In recent weeks, Justice GR Swaminathan’s name has been all over the place, cropping up more often in parliamentary rhetoric than in law reports. His December 1 order to allow lighting of lamps on Thiruparankundram hill in Madurai triggered a volatile chain of events.
The Tamil Nadu government disregarded the order, inviting contempt proceedings. Opposition MPs announced impeachment motion. A division bench of the Madras High Court later upheld Justice Swaminathan’s decision and declared that the hilltop, the ancient stone pillar (Deepathoon or Deepak Stambh), the temple and the surrounding land belonged to the temple, and any contrary claim would amount to trespass.
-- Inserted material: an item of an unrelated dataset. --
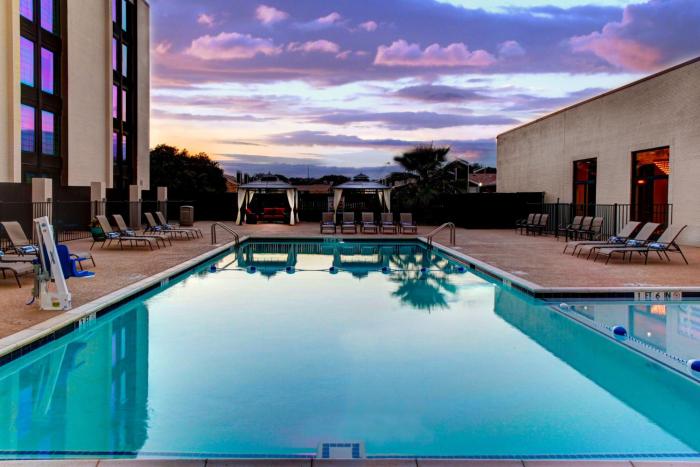 doubletree by hilton hotel arlington dfw south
The rationale was that decades ago a lamp had been lit on a pillar atop the hill until it was removed, apparently so as not to offend the sensibilities of worshipers at the adjacent dargah. There were historical and archaeological aspects to the dispute – but his decision changed everything.
Justice Swaminathan himself became a story.
An ideological outcast, or a text-bound judge?
This was not Justice Swaminathan’s first case of public outcry, nor the first time he was singled out as an ideological outlier or judicial provocateur. But a closer look at his career reveals something less controversial. Justices who have worked with him have described Justice Swaminathan, 57, as deeply aware of his ideological position, yet he insists on “taking his decisions within constitutional limits”, even if it complicates how they are read and reported.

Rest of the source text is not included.